Fortunately, Judi popped her earbuds in for the rest of the trip. Unfortunately, she sang along to her music loudly and off-key.

There wasn’t any time to talk to Judi once they arrived at the farm and Ellie was grateful for that. Their dad was already in the barn and Jason’s truck was in the driveway. She sent Judi to prepare the feed for the calves. That should keep her busy. And quiet even longer.

Jason had been coming every morning and afternoon since the accident, even though her dad had told him he and Patrick could handle it. As far as she understood from her dad, he was helping with the milking at their farm and then heading back to his farm to help Molly and Alex, putting in a full day on both Tanner’s farms and the farm store, and also going on some calls with the fire department.

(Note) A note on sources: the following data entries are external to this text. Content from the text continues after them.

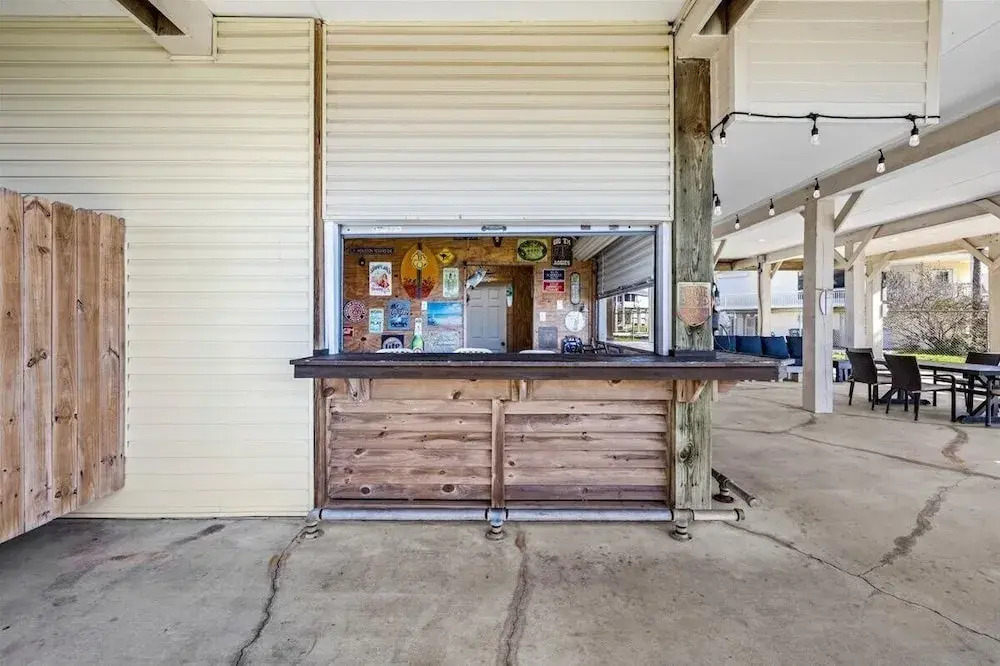 Bay Vista- New Listing In Terramar Beach, 4 Br/ 3 Ba, Boat Slip 4 Bedroom Home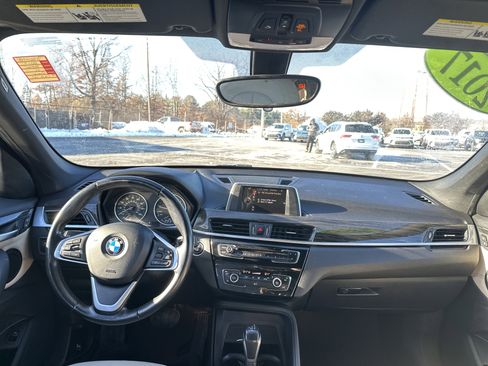Used 2017 BMW X1 xDrive28i image 13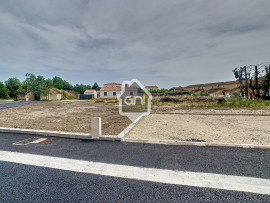 Terrain à bâtir libre constructeur Sénas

Watching him lift a back of feed supplement, his biceps bulging like a body builder’s, she wondered when he found time to sleep. Uttering the words, “we need a break” had been easy on the surface but now, at the sight of his back muscles rippling his T-shirt, she couldn’t deny how hard it was to ignore the physical attraction she’d always had for him. That attraction wasn’t easily severed, no matter the status of their relationship. She turned away quickly, focusing on cleaning the udders of the cows. Her dad followed her, hooking up the milking machines.

She spent the rest of the morning doing her best to avoid Jason. When he brushed past her on his way to the back of the barn to retrieve the scraper for clearing out the stalls, she felt that familiar surge of butterflies in her stomach. Trying her best to ignore it, she kept working and didn’t look up. She couldn’t risk her attraction to him making her forget what he’d done.

A trip to the birthing stalls in the back of the barn should distract her until the milking and stall cleaning was done.

The tiny calf next to its’ mother was still wet in the first stall when she turned the corner.

“Well, hey there Sunflower. Looks like Dad was right. You dropped today, huh?”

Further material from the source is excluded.